- _TASK PROMPT_
Every line of the listing should be retyped exactly, but none of the pictures should be.

- _INFORMATION SHOWN_
Segment Open
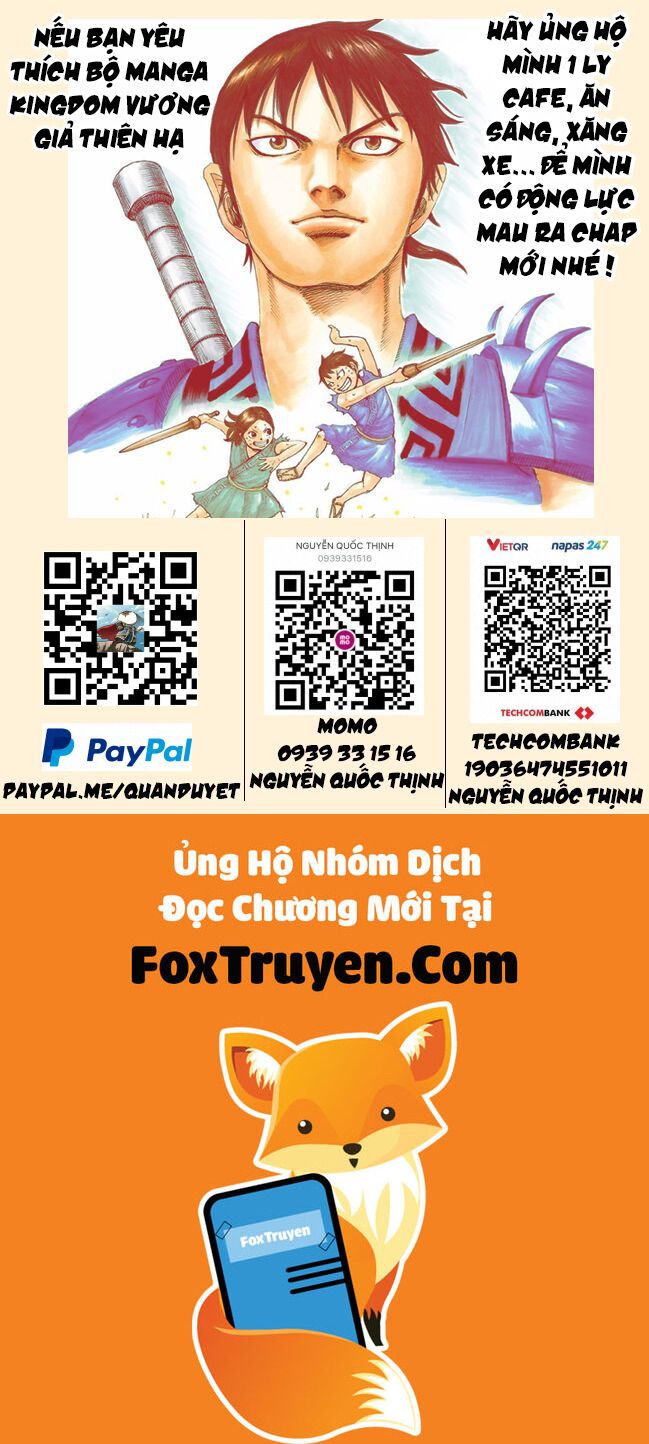 đọc truyện Kingdom – Vương Giả Thiên Hạ Chương 847 ảnh 24 tại Thiên Thai Truyện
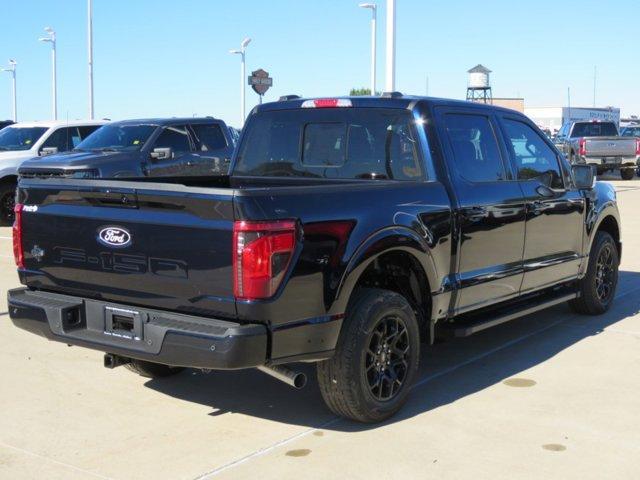 new 2024 Ford F-150 car, priced at $52,613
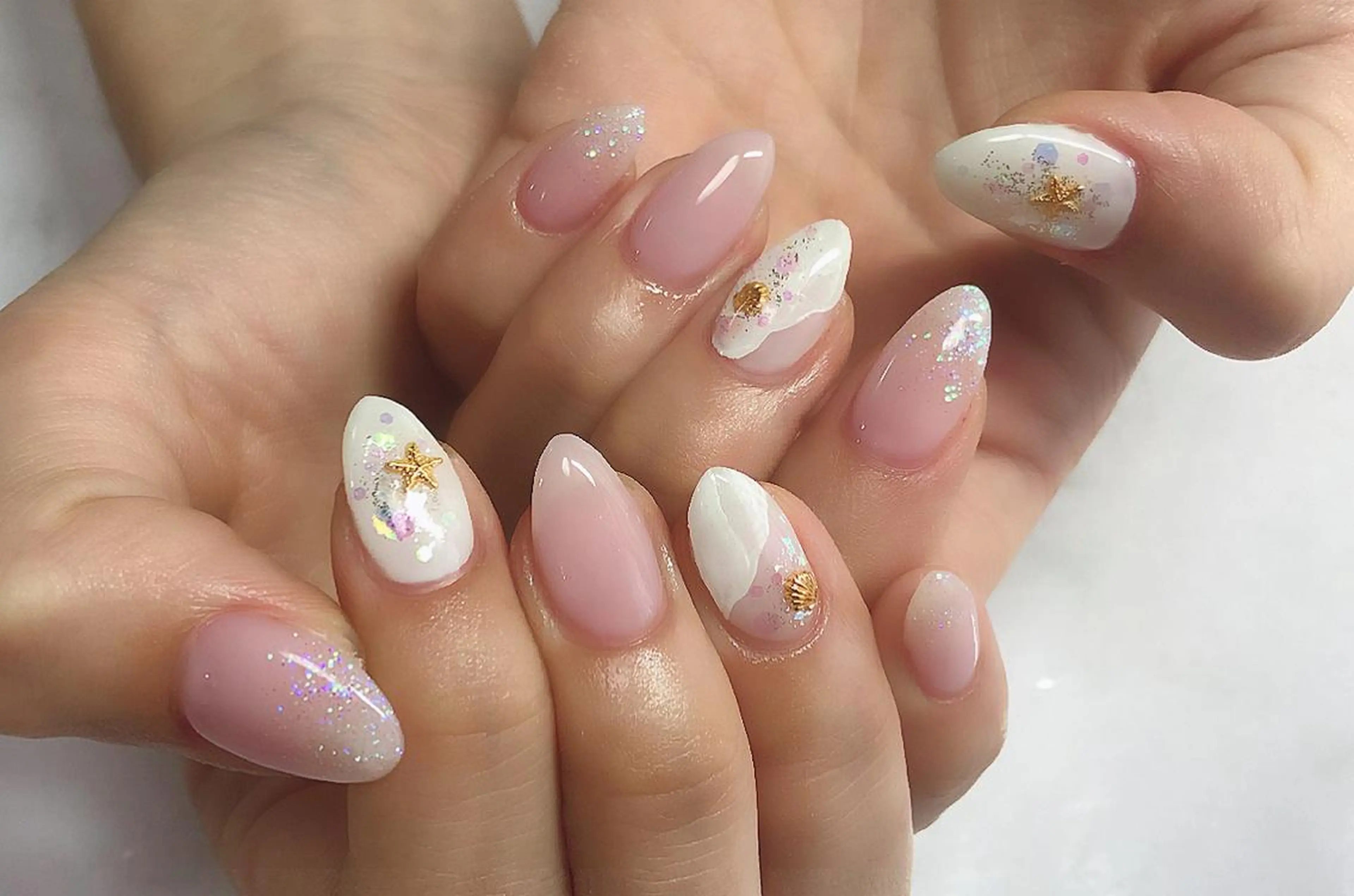 ネイル N.CHLOE 永島のネイルデザイン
Segment Closed
- _YOUR SOLUTION_
 đọc truyện Kingdom – Vương Giả Thiên Hạ Chương 847 ảnh 24 tại Thiên Thai Truyện
 new 2024 Ford F-150 car, priced at $52,613
 ネイル N.CHLOE 永島のネイルデザイン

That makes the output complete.